We have to recognize that education isn’t the school’s job – it’s society’s job. Accountability works both ways. Schools have to be accountable to the community, but the community must also be accountable to schools. That means parents have to provide schools with students who are well fed, loved, and that their homework is taken care of.
If parents don’t have the skills or capability to carry out those responsibilities, then you do what Geoffrey Canada (founder of the Harlem Children’s Zone) does. You find ways to stabilize the families and educate parents on how to raise successful students. The notion that we need real partnerships is a good one, and I’m sorry we ever lost that kind of thinking and started believing schools could do it all.
3. There was considerable hand wringing when the most recent PISA scores were released, showing the United States lagging behind many other nations. Is this our “Sputnik” moment?
The problem for America is the huge gap in achievement among our students in poverty and those coming from more affluent households. For our kids in schools with a 75 percent poverty rate, their scores are so low that only one nation in the world is lower.

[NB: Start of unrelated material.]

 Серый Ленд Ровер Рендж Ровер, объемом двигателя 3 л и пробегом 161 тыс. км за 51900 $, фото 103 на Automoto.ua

At the same time, we have 15 million students in public schools where the average poverty rate is either fewer than 10 percent, or under 25 percent. Of the students at schools where the poverty rate is under 10 percent, their scores on the PISA reading test are the highest in the world. Of our students at schools where the poverty rate was between 10 and 25 percent, their scores were the third highest in the world, beaten by only two nations. We have more students taking math and science and those scores continue to climb. We’re not as good as the Chinese or the Koreans yet, but all the trends are really quite positive. Why don’t the papers ever report that?
4. Many states are following Florida’s lead in education reform initiatives, specifically focusing on the reading abilities of third graders and holding them back from fourth grade if they are not deemed proficient. What are your thoughts on the reform initiative?
My home state of Arizona is doing the same thing. It seems like legislators are absolutely ignorant of the research, and the research is amazingly consistent that holding kids back is detrimental.
Everybody supports the idea that if a student isn’t reading well in third grade that it’s a signal that the child needs help. If you hold them back, you’re going to spend roughly another $10,000 per child for an extra year of schooling. If you spread out that $10,000 over the fourth and fifth grades for extra tutoring, in the long run you’re going to get a better outcome.
Each year about 1 million students are left back, and my guess is it’s the wrong thing for 990,000 of them. There are stories where it was clearly the right thing, and the student moves up to the next grade more confident. I don’t want to negate that. But it’s the wrong move for the vast majority of students. And since we don’t know in advance which kids won’t benefit, it’s simply the wrong policy decision.
5. How can education reporters do a better job reporting on test scores, particularly when it comes to tying them to teacher evaluation models?
Teachers are public employees and it’s reasonable to evaluate them. But there are two issues that strike me as important in this discourse.
The first is the notion that we can hold a person – the teacher – accountable for the performance of another individual. If a student comes to school with a host of problems, or is simply disinterested in learning, it’s very difficult for a teacher to overcome that.
The second point is one I’ve been arguing for many years. The tests that are used across the country are actually designed to weed out the items where teachers are showing effects. You try out a bunch of questions, and if 80 percent of the kids get a question right, you throw it out as too easy. But the reverse of that logic is that it’s an item where the teachers have shown instructional effects. The tests end up containing a whole bunch of items that reflect a social class effect, and hardly any teacher effect. When it comes to using test scores to rate teachers’ effectiveness, the deck is stacked against them.